Savage cuts to social benefits have shredded the welfare “safety net” and left many disabled families in a “struggle for survival”, according to a detailed study of the impact of the government’s austerity programme.

It calculates that disabled people and their carers have seen their income collectively cut by £500m in the past two years, leaving many increasingly financially impoverished, socially isolated, and at risk of declining mental health.

Many disabled people’s quality of life will continue to deteriorate over the next three years, warns the study, as a further £9bn of predicted cuts to disability support are rolled out and local authority social care budgets shrink further.

“Although nearly everyone faces tough times in this current economic climate, disabled people are hit particularly hard as a result of lower income, higher costs, fewer support services and unpredictable health conditions,” the report, published by the thinktank Demos and Scope, the disability charity.

The study has followed the fortunes of six households, including two families with disabled children, since June 2010. It combined regular interviews with a study of the impact on each household of benefit changes, pension reforms, social care cuts and fuel price increases.

Total income losses between April 2011 and June 2012 for each the households ranged from £269.45 for Carla, a single disabled woman, to £2,066.67 for Albert, a disabled man cared for by his wife, who has moderate disabilities herself.

Some of the families were forced to rely on the help of charities and family to make ends meet because of the absence of state support. These were “short term fixes rather than sustainable solutions,” the report says.

It says media stories attacking “benefit scroungers” have contributed to an increase in reports of disability-related abuse and crime in recent months. One of the case studies, Carla, reported that she had been abused.

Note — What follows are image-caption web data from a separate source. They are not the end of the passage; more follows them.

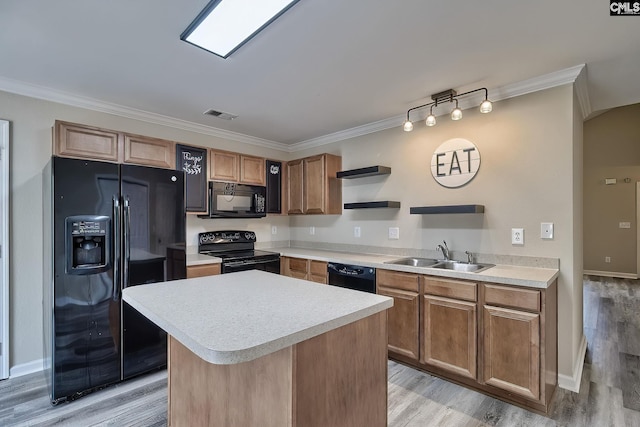 kitchen with a kitchen island, sink, ornamental molding, light hardwood / wood-style floors, and black appliances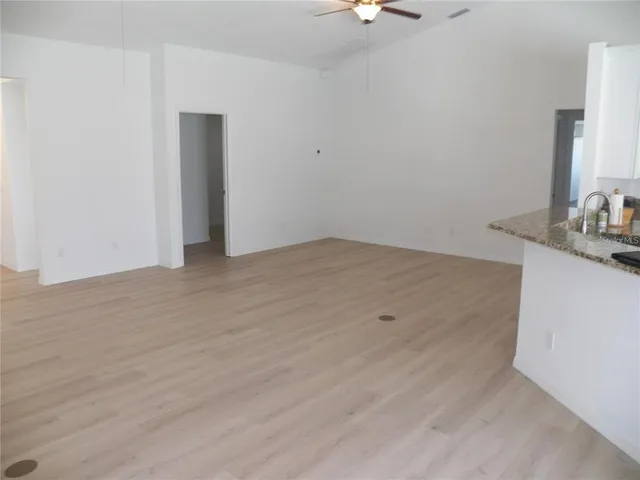a view of a kitchen with wooden floor and a sink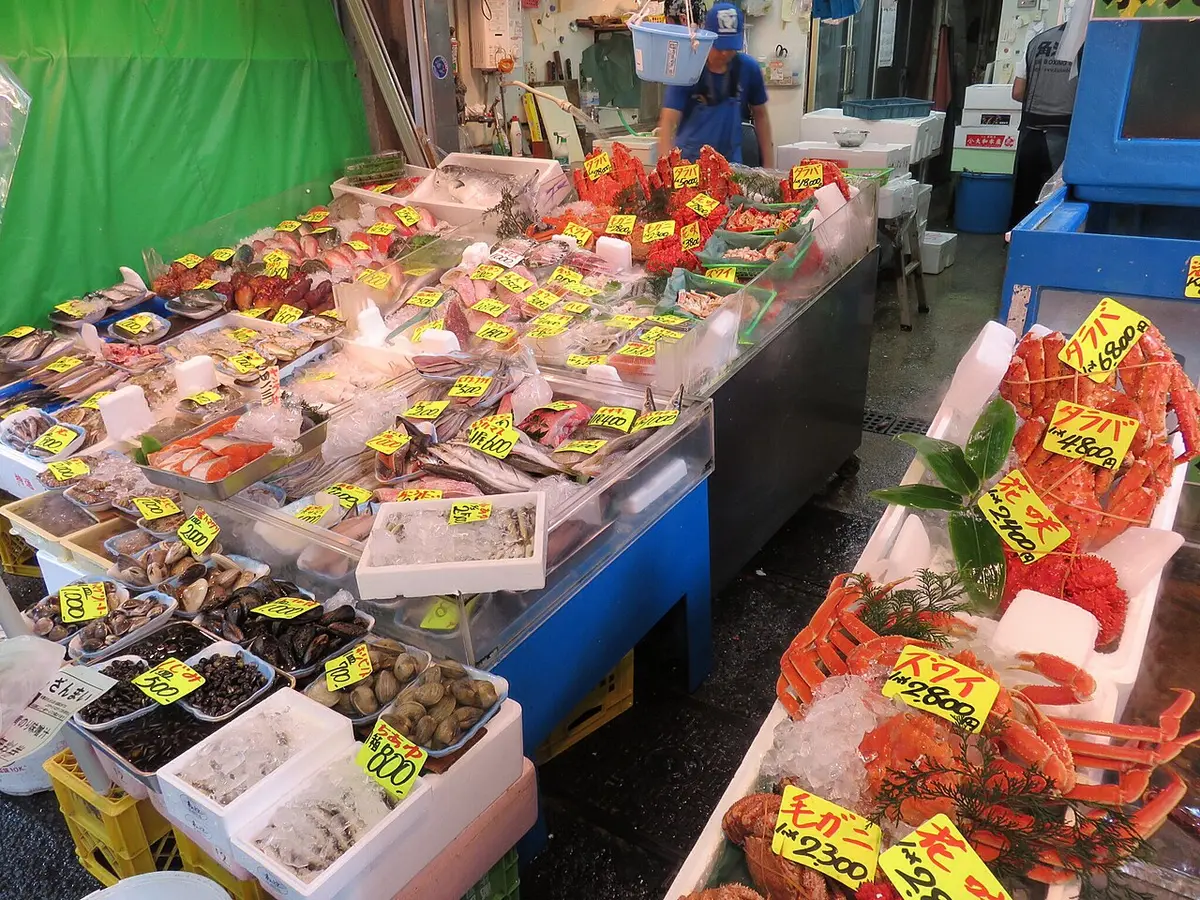 A fishmonger’s stall at the Tsukiji Outer Market with crabs, shellfish and fish on ice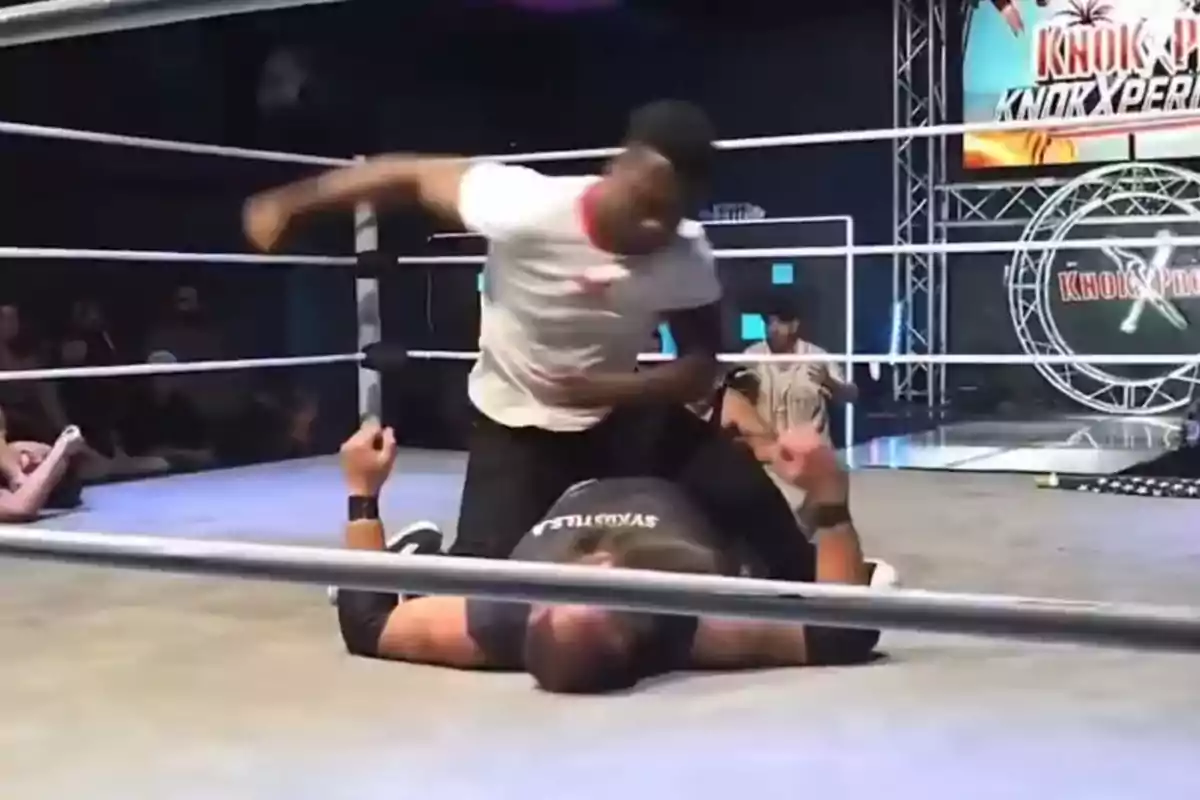 Dos luchadores están en el ring, uno de ellos está en el suelo mientras el otro lo golpea con el puño, alrededor se observa público y un letrero de evento de lucha libre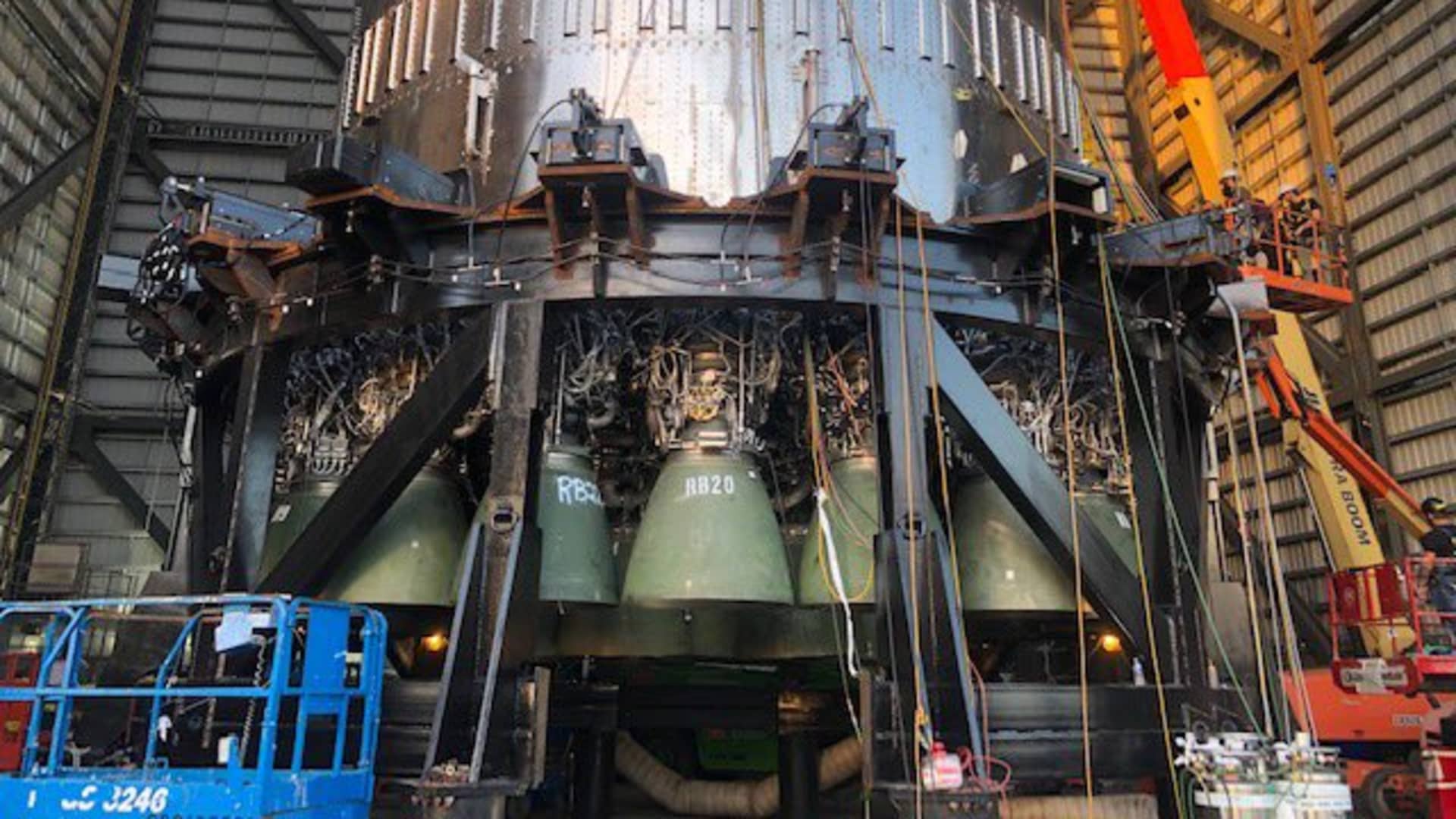 A look at the base of Super Heavy Booster 4 shortly after SpaceX engineers installed 29 Raptor rocket engines.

The report says “financial uncertainty and concern at home – combined with a hostile political and media environment – have left our six disabled households, and no doubt many like them, feeling unfairly treated, persecuted even, and struggling to cope financially and emotionally.”

Coalition ministers are criticised for pursuing a “paranoia-based media narrative” of welfare reform, choosing to “build popular support by encouraging public anger over workshy fraudsters” rather than engage constructively with disabled people.

Claudia Wood, deputy director of Demos and author of the report, said: “The safety net has well and truly gone. Two decades of progress in disabled people’s living standards is being unravelled as disabled people’s quality of life is being narrowed.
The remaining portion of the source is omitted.